Published by Tin House Books on September 1st 2015
Buy from IndieBound
In 1992, global issues like the AIDS epidemic dominate the newsstands as fifteen-year-old Julie scans swimming magazines for information on her brother, Jordan. Once a swimming superstar headed for the Olympics, Jordan’s mysterious move to Berlin has left Julie desperate to see his next step. Though her fascination with the magazines has little to do with swimming itself, when Alexis, the girls’ team captain, asks Julie to join the school’s team, she finds herself drawn to both Alexis and the sport.

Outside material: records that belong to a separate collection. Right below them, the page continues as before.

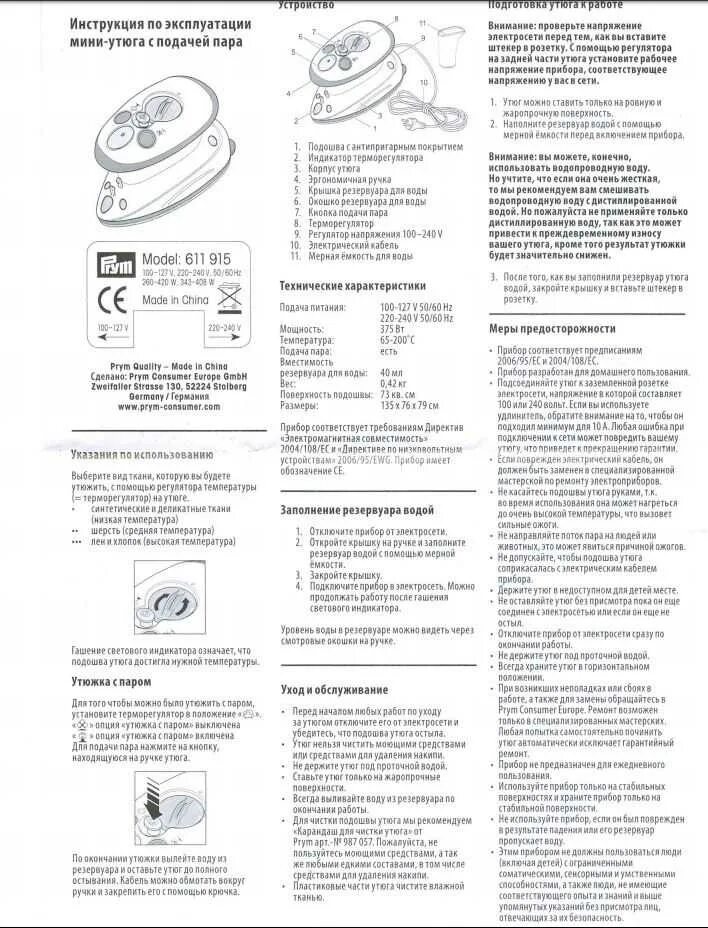 Правила пользования утюгом для детей. Как пользоваться паром. Утюг тефаль 2837е0. Утюг филипс режимы. Принцип действия парового утюга.
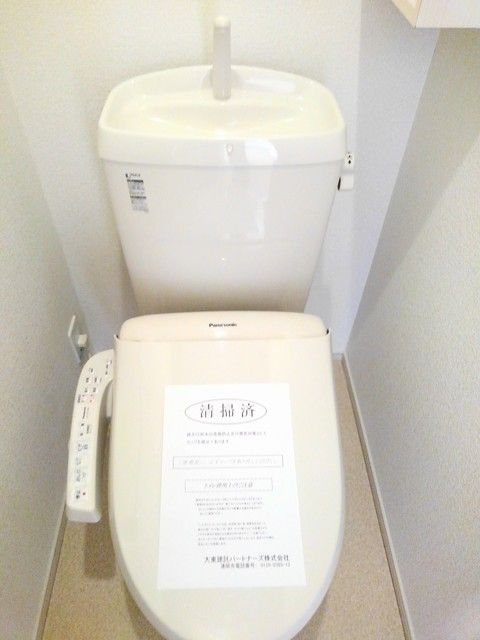 トイレ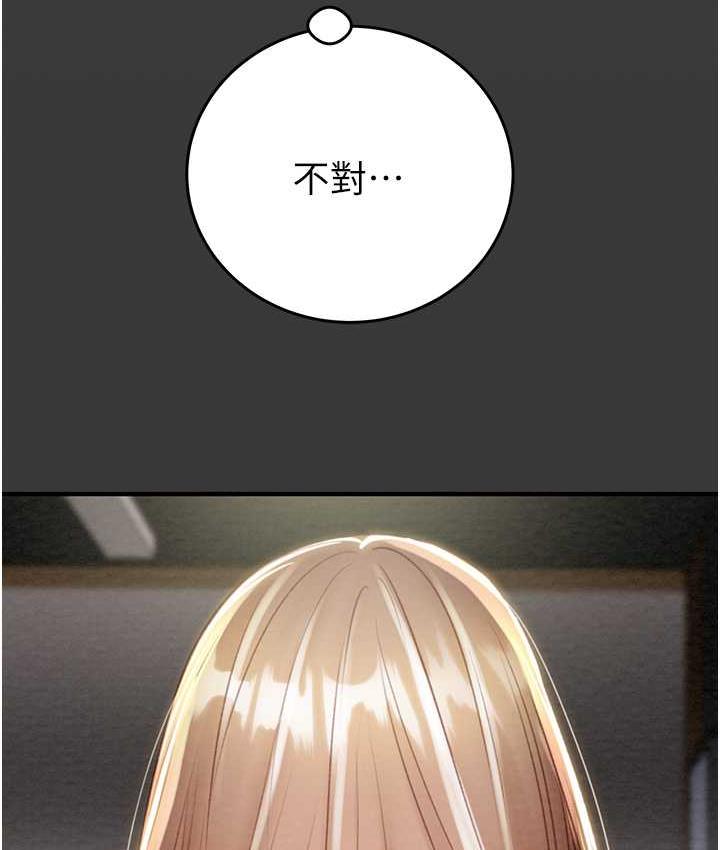 [Manhwa] Plundering Plot, big breasts#[239P]-229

It’s easy to write off a book like Dryland for lacking plot, but doing so misses how wisely Sara Jaffe, of Erase Errata fame, has written a novel that digs into the many elements of being a teenager, starting with the mundane—the repetition of class and practice, the limited options for going out. At the same time, the emotions are off the charts, and captured perfectly. Jaffe’s prose is sparse and meandering, like it’s pulled from the daily notations of a diary, but comes together in a way that highlights the beauty of awkward adolescence.
“I’d had to rewind to make sure I heard it right—a curse in a REM song? He said fuck off or fuck all, it was impossible to tell, and it came after a junk-box list of lyrics, words like rusted parts in a yard. Their shapes were specific but who could tell what to use them for? The song scooped something out of me. It was listening to me and watching me in ways it shouldn’t. He sang our clothes don’t fit us right. I wanted to know about Alexis and her swim team sweatshirt, how she got it to fit her the way it did, how it showed and hid her body beneath it. It was a perfect sweatshirt.”
Dryland touches on so much—sexuality, family, identity—without feeling overdone and, more importantly, without seeking solid answers for every question it raises. Much like real life, Sara Jaffe leaves room for the unknown, but spotlights the importance of the journey.